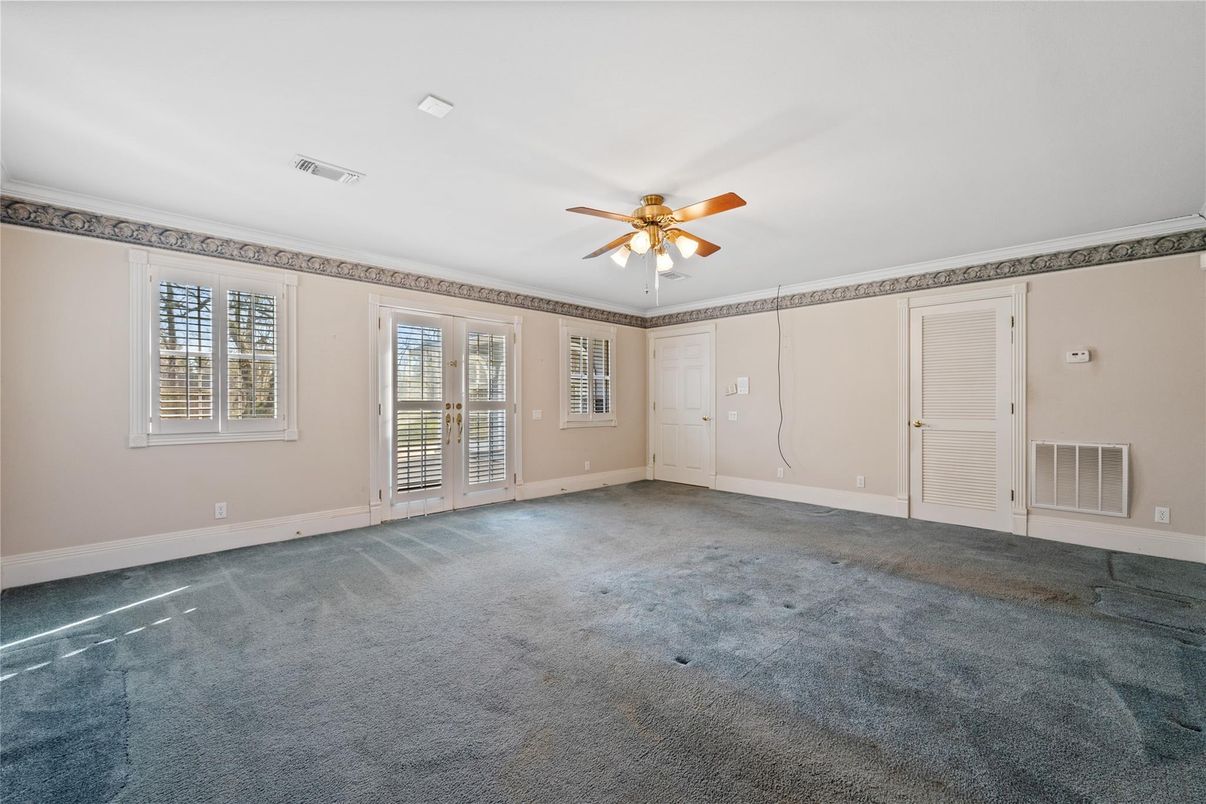 Empty room, Interior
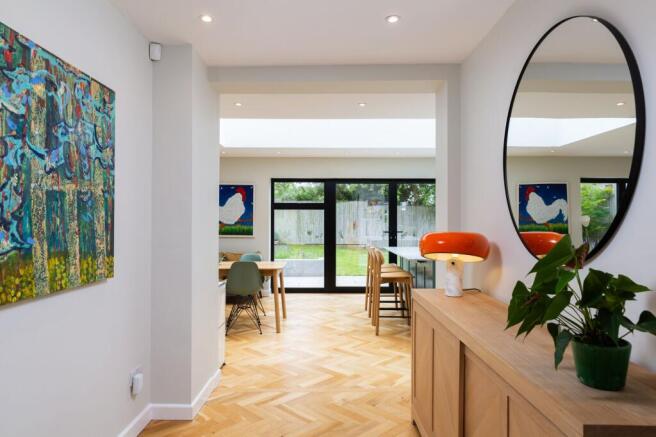 4 bed Detached for sale Image 6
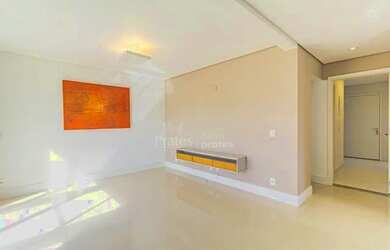 Imagem: O apartamento possui 4 Dormitórios, 5 Banheiros, 3 Vagas na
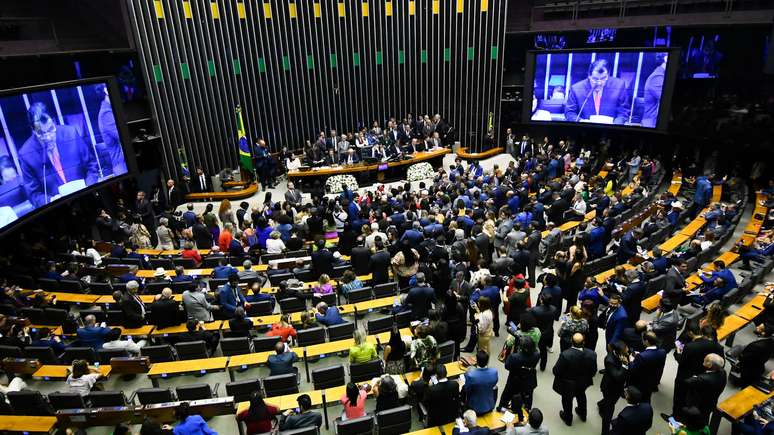 Acabou a fé? O que explica candidatos religiosos não conseguirem ser eleitos em 2026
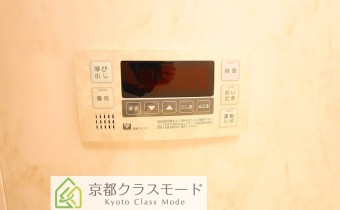 追い炊きシステム　※室内写真は同マンション内の202号室のものです。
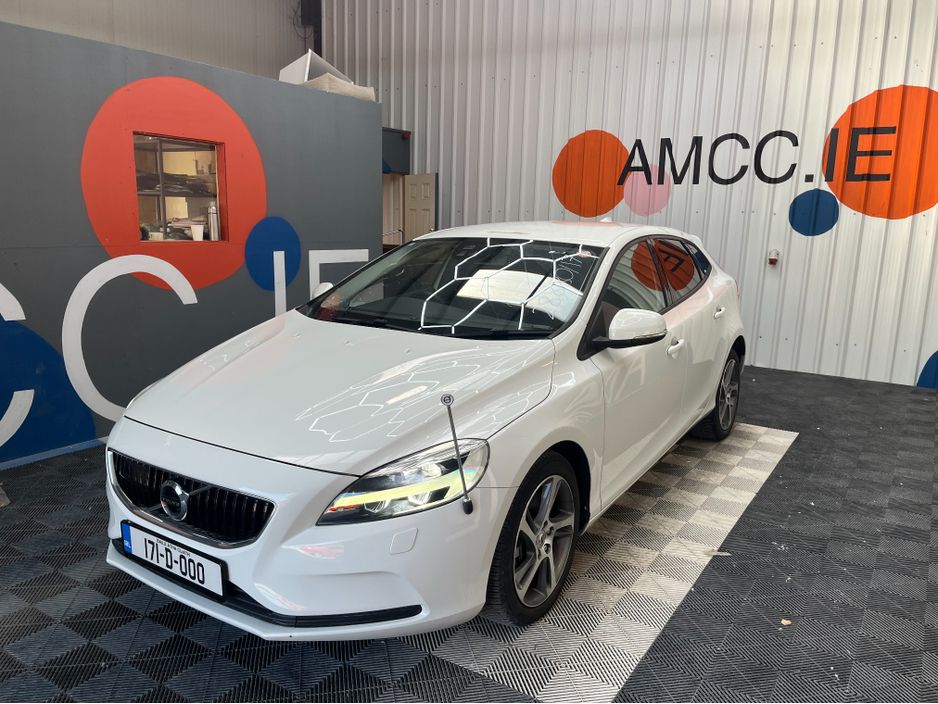 2017 Volvo V40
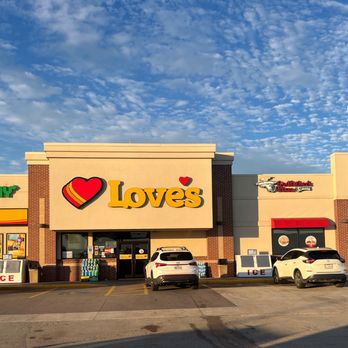 LOVE'S TRAVEL STOP - Updated November 2025 - 50 Photos & 25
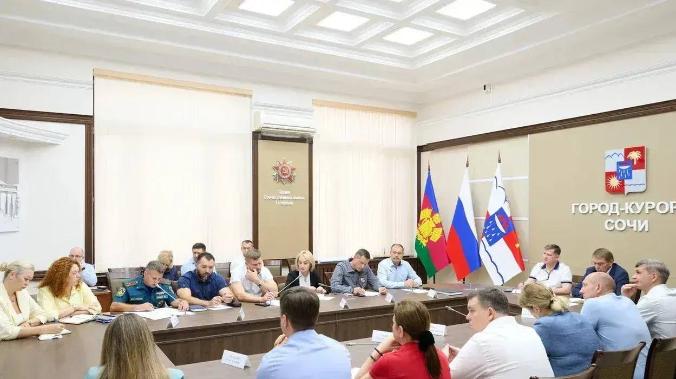 В Сочи и Сириусе устраняют последствия атаки ВСУ 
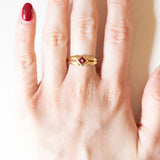 Anello vintage in oro giallo 18K con rubini, anni ‘70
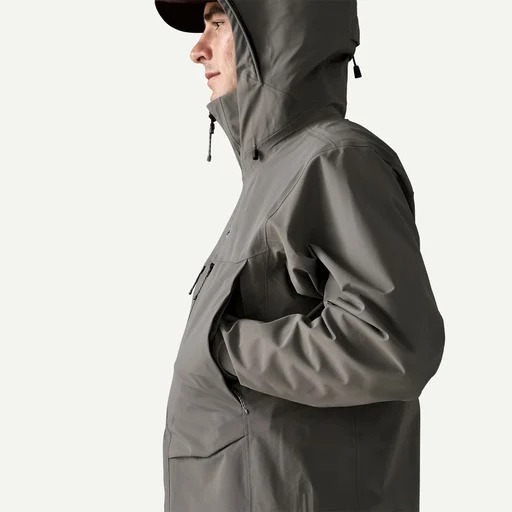 Patagonia Swiftcurrent Wading Jacket handwarmer pocket for deep wading and cold weather fishing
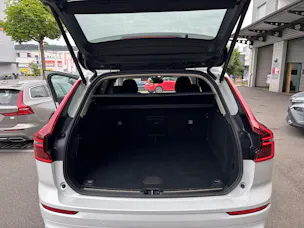 Volvo XC60 B5 Benzin Mild Hybrid AWD Plus Dark Geartronic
★ ★ ★
# [What you need to do]
Images stay out; the entries above are to be printed exactly.

# [Response]
 Empty room, Interior
 4 bed Detached for sale Image 6
 Imagem: O apartamento possui 4 Dormitórios, 5 Banheiros, 3 Vagas na
 Acabou a fé? O que explica candidatos religiosos não conseguirem ser eleitos em 2026
 追い炊きシステム　※室内写真は同マンション内の202号室のものです。
 2017 Volvo V40
 LOVE'S TRAVEL STOP - Updated November 2025 - 50 Photos & 25
 В Сочи и Сириусе устраняют последствия атаки ВСУ 
 Anello vintage in oro giallo 18K con rubini, anni ‘70
 Patagonia Swiftcurrent Wading Jacket handwarmer pocket for deep wading and cold weather fishing
 Volvo XC60 B5 Benzin Mild Hybrid AWD Plus Dark Geartronic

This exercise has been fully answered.